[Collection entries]

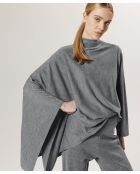 Poncho Hortense 100% laine asymétrique gris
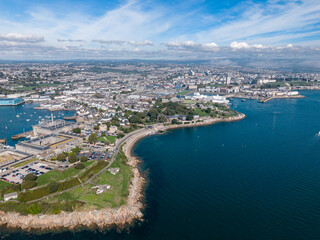 Fototapeta premium Aerial view of Plymouth City with its historic naval dockyard and estuary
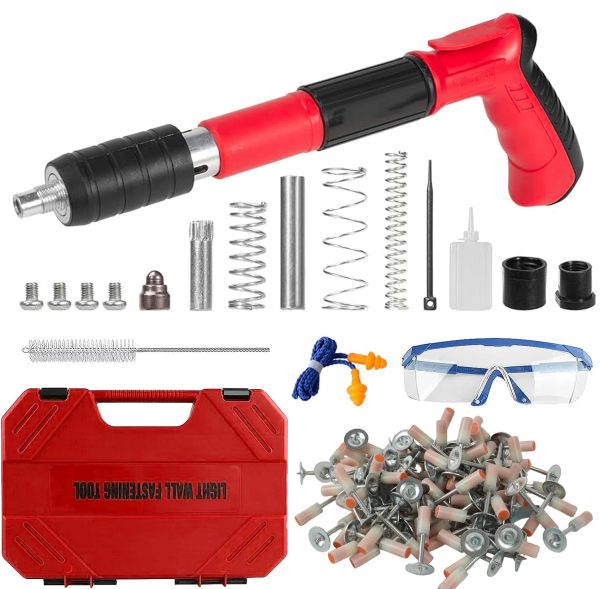 Ръчен пистолет за забиване на пирони с комплект аксесоари и подарък пирони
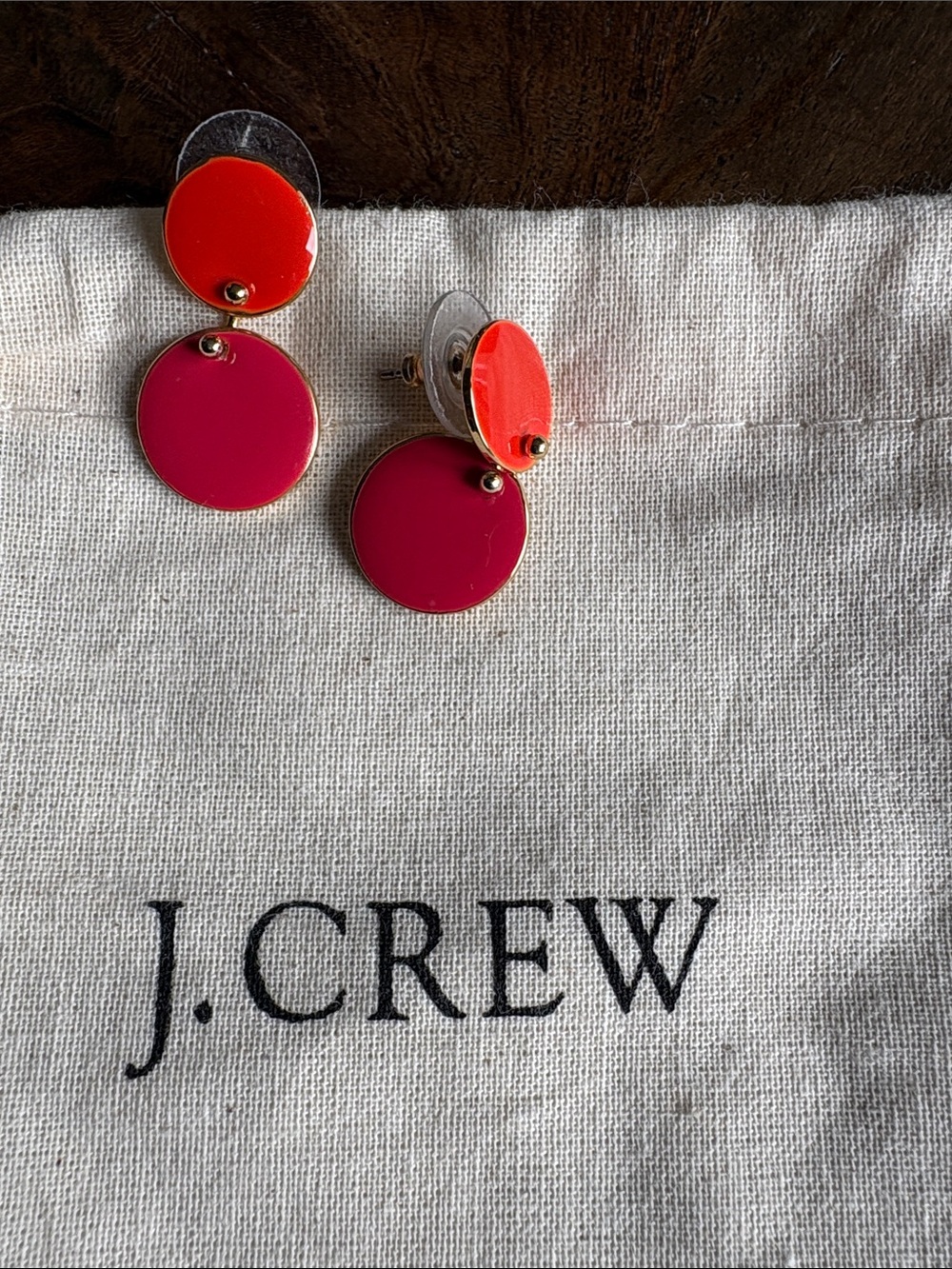 J.CREW Bright Pink & Orange Double Disc Drop Earrings + Original Dust Bag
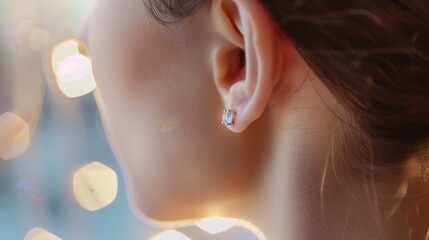 a person wearing a pair of sparkling diamond stud earrings with a soft-focus background.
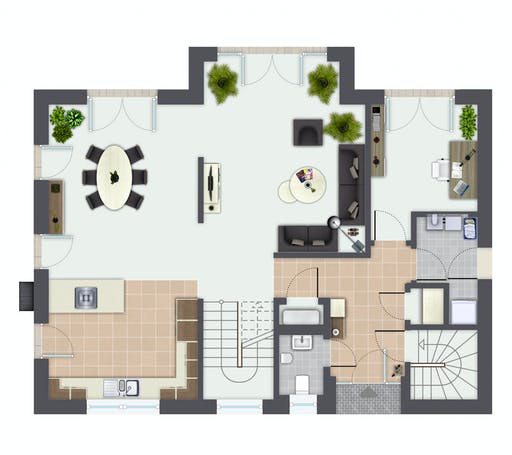 Fertighaus Sanderau von GUSSEK HAUS Schlüsselfertig ab 377000€, Satteldach-Klassiker Grundriss 1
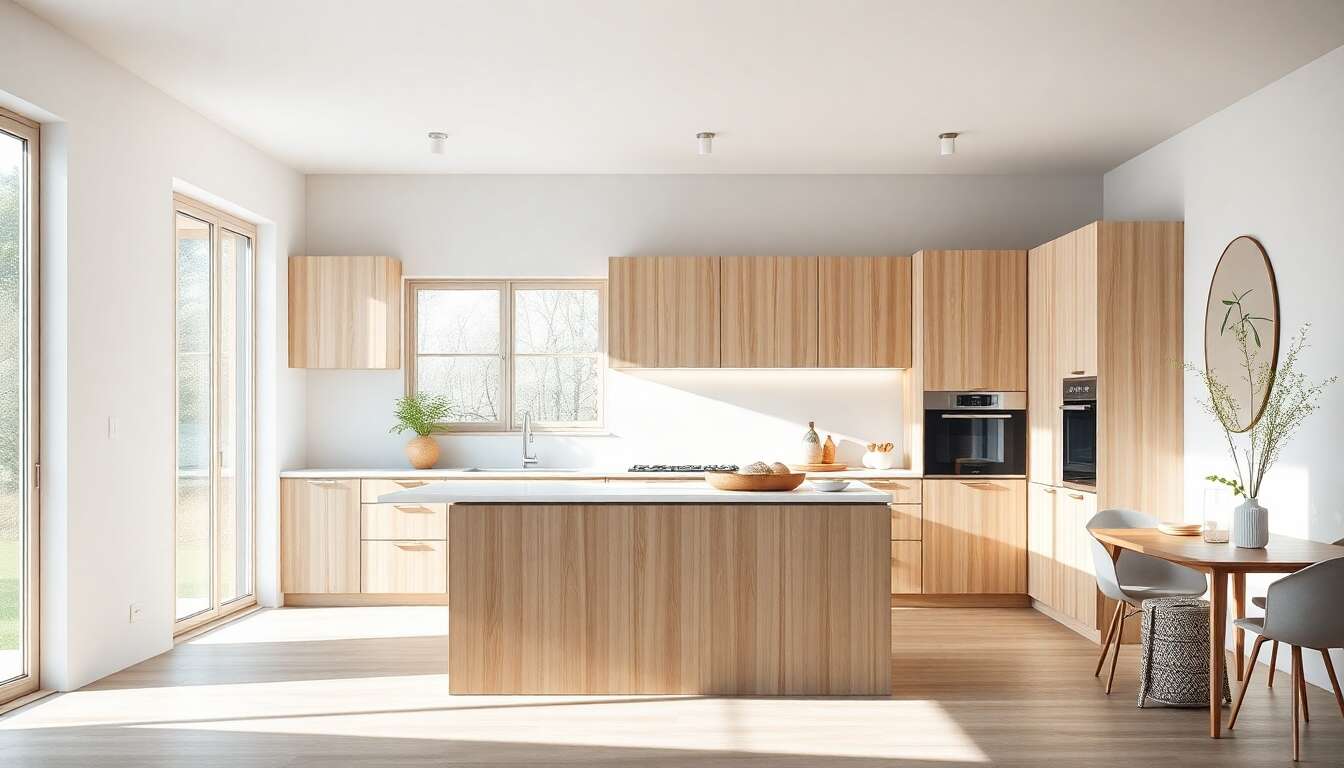 Tendances actuelles : int&eacute;grer le bois blond dans des cuisines modernes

### WORK REQUEST
Output the records verbatim, every one of them, and keep the pictures out.

### OUTPUT FOR THIS TASK
 Poncho Hortense 100% laine asymétrique gris
 Fototapeta premium Aerial view of Plymouth City with its historic naval dockyard and estuary
 Ръчен пистолет за забиване на пирони с комплект аксесоари и подарък пирони
 J.CREW Bright Pink & Orange Double Disc Drop Earrings + Original Dust Bag
 a person wearing a pair of sparkling diamond stud earrings with a soft-focus background.
 Fertighaus Sanderau von GUSSEK HAUS Schlüsselfertig ab 377000€, Satteldach-Klassiker Grundriss 1
 Tendances actuelles : int&eacute;grer le bois blond dans des cuisines modernes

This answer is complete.